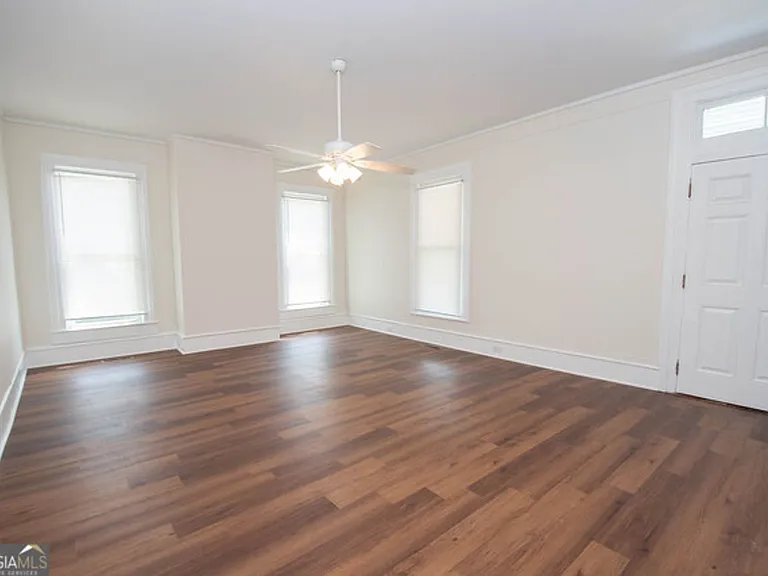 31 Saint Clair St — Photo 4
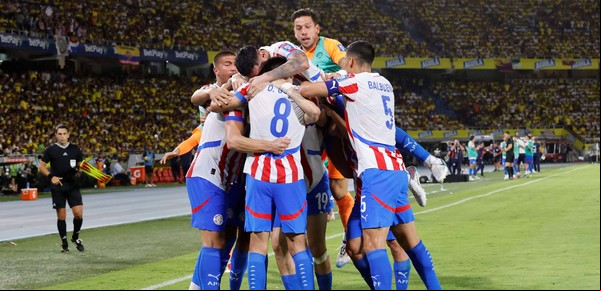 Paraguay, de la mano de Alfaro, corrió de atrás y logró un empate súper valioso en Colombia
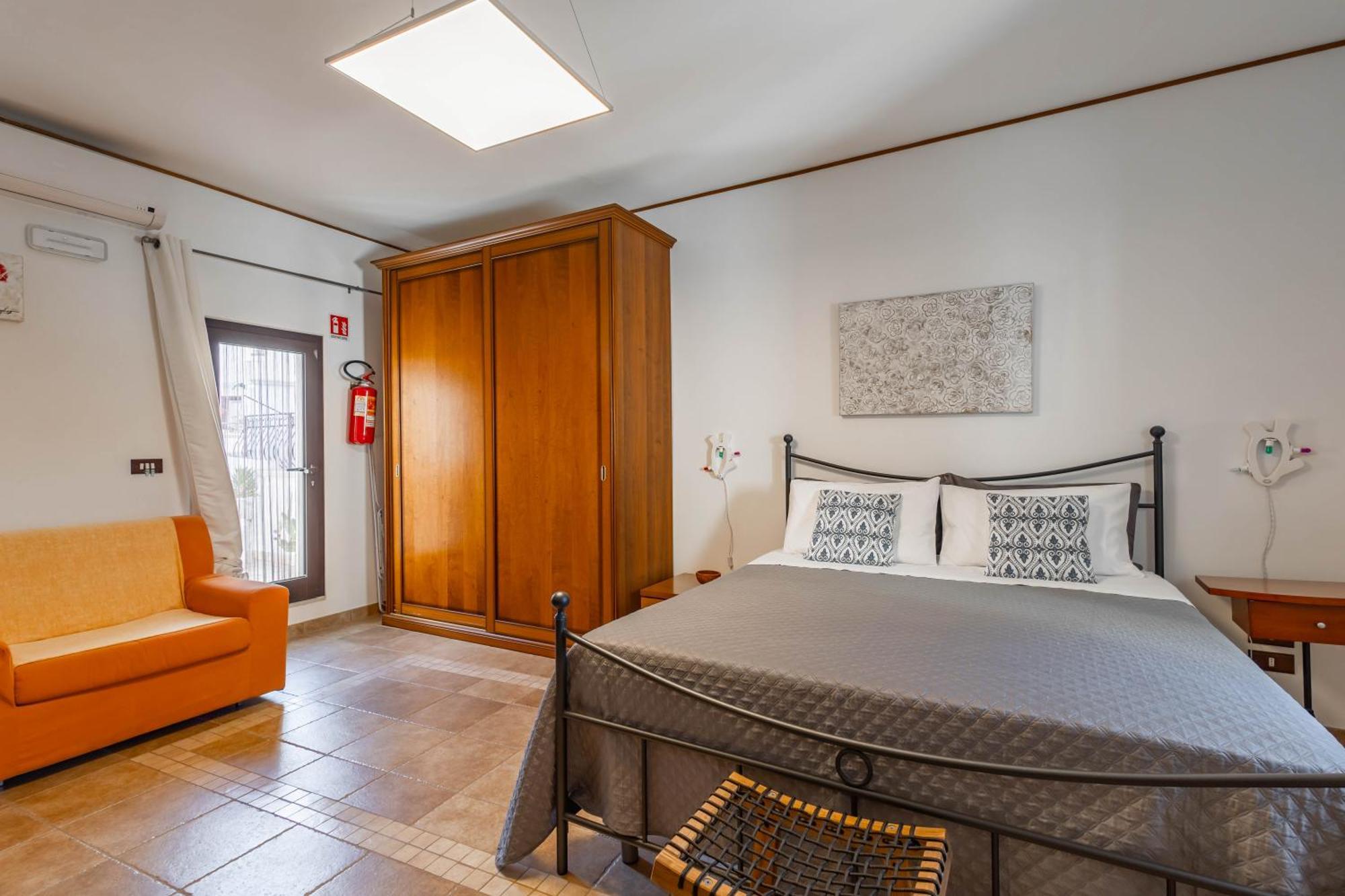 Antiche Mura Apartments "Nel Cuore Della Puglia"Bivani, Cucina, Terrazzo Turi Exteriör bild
=====
▸ **Exercise goal**:
Repeat the listing in full and exactly. Leave any pictures out.

▸ **Answer to this exercise**:
 31 Saint Clair St — Photo 4
 Paraguay, de la mano de Alfaro, corrió de atrás y logró un empate súper valioso en Colombia
 Antiche Mura Apartments "Nel Cuore Della Puglia"Bivani, Cucina, Terrazzo Turi Exteriör bild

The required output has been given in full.